There could also be a difference in character encoding for national characters. There is no "unix-encoding" but many linux-variants use UTF-8 as the default encoding. Mac OS (which is also a unix) uses its own encoding (macroman). I am not sure, what windows default encoding is.

国家字符的字符编码也可能有所不同。没有“unix-encoding”,但许多 linux-variants 使用 UTF-8 作为默认编码。Mac OS(也是 unix)使用自己的编码(宏指令)。我不确定,Windows 默认编码是什么。

But this could be another source of trouble (apart from the different linebreaks).

但这可能是另一个麻烦来源(除了不同的换行符)。

What are your problems? The linebreak-related problems can be easily corrected with the programs dos2unix or unix2dos on the unix-machine

你有什么问题?可以使用 unix 机器上的程序 dos2unix 或 unix2dos 轻松纠正与换行相关的问题

回答by pauldoo

If you are just interested in the content of text files, then yes the line endings are different. Take a look at something like dos2unix, it may be of help here.

如果您只对文本文件的内容感兴趣,那么行结尾是不同的。看看类似dos2unix 的东西,它可能对这里有帮助。

(Of course there are many other things that make unix and windows files different, but I don't think you're interested in those other differences right now.)

(当然还有许多其他因素使 unix 和 windows 文件不同,但我认为您现在对这些其他差异不感兴趣。)

回答by Marcus Downing

In addition to the answers given, you may find issues with the different file systems:

除了给出的答案之外,您可能还会发现不同文件系统的问题:

  • On unix, files that start with a .are hidden. On windows, it's a filesystem flag that you probably don't have easy access to. This may result in files that are supposed to be hidden now becoming visible on the client machines.

  • File permissions vary between the two. You will probably find, when you copy files onto a unix system, that the files now belong to the user that did the copying and have limited rights. You'll need to use chown/chmodto make sure the correct users have access to them.

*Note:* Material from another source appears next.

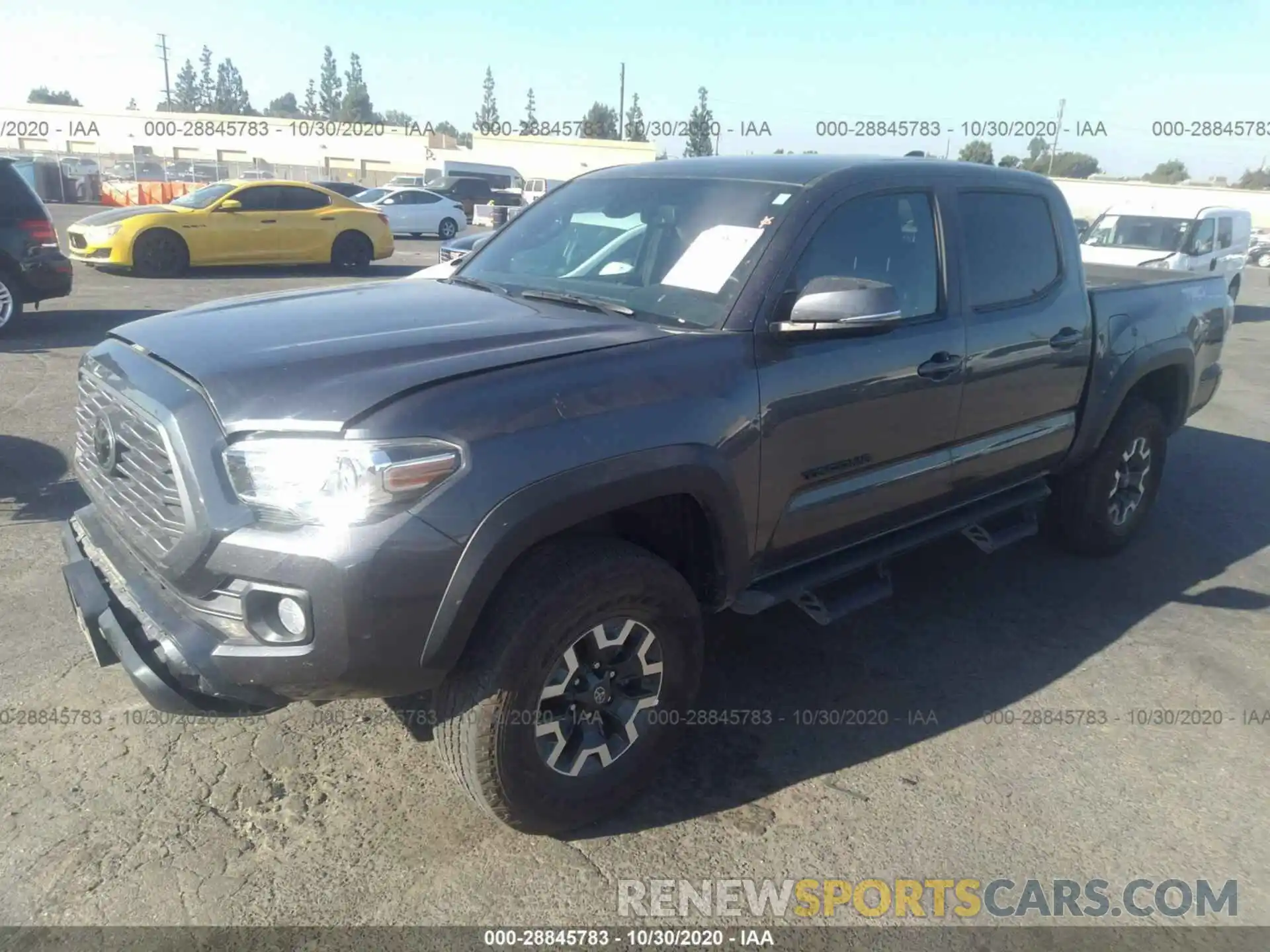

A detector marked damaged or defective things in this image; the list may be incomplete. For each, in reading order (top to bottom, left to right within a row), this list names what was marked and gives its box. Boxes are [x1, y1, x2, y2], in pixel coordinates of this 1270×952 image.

  • 在 unix 上,以. 是隐藏的。在 Windows 上,它是一个您可能不容易访问的文件系统标志。这可能会导致本应隐藏的文件现在在客户端计算机上可见。

  • 文件权限在两者之间有所不同。您可能会发现,当您将文件复制到 unix 系统时,这些文件现在属于进行复制的用户并且具有有限的权限。您需要使用chown/chmod来确保正确的用户可以访问它们。

回答by McDowell

In addition to the new-line differences, the byte-order markcan cause problems if files are treated as Unicode on Windows.

除了换行符差异之外,如果文件在 Windows 上被视为 Unicode ,则字节顺序标记可能会导致问题。

回答by Cheekysoft

As pauldoo suggests, tools like dos2unix can be very useful. Note that these may be on your linux/unix system as fromdosor tofrodos, or perhaps even as the general purpose toolbox recode.

正如 pauldoo 所说,像 dos2unix 这样的工具非常有用。请注意,这些可能在您的 linux/unix 系统上作为fromdostofrodos,或者甚至作为通用工具箱recode

However, another set of problems that you may come across can be related to single/multi-byte character encodings. If you see strange unexpected chars (not at end-of-line) then this could be the reason. Especially if you see square boxes, question marks, upside-down question marks, extra characters or unexpected accented characters.

但是,您可能遇到的另一组问题可能与单字节/多字节字符编码有关。如果您看到奇怪的意外字符(不是在行尾),那么这可能是原因。尤其是当您看到方框、问号、倒置的问号、多余的字符或意外的重音字符时。

Running the command localeon your *nix box will tell you what the system locale is. If this is different to the encoding used in the text files that have been transferred over from the windows machine, then this can sometimes cause issues, depending on the usage of those files. You can use the very powerful recodecommand to try and convert between the different charsets as well as any line ending issues. recode -lwill show you all of the formats and encodings that the tool can convert between. It is likely to be a VERY long list.

在 *nix 框上运行命令locale将告诉您系统区域设置是什么。如果这与从 Windows 机器传输过来的文本文件中使用的编码不同,那么这有时会导致问题,具体取决于这些文件的使用情况。您可以使用非常强大的recode命令来尝试在不同的字符集以及任何行结束问题之间进行转换。recode -l将向您显示该工具可以转换的所有格式和编码。这可能是一个很长的清单。

When writing to files or reading from files (that you are in control of), it is often worth specifying the encoding to use, as most Java methods allow this. However, also ensuring that the system locale matches can save a lot of pain.

写入文件或读取文件(您可以控制)时,通常值得指定要使用的编码,因为大多数 Java 方法都允许这样做。但是,同时确保系统区域设置匹配可以省去很多麻烦。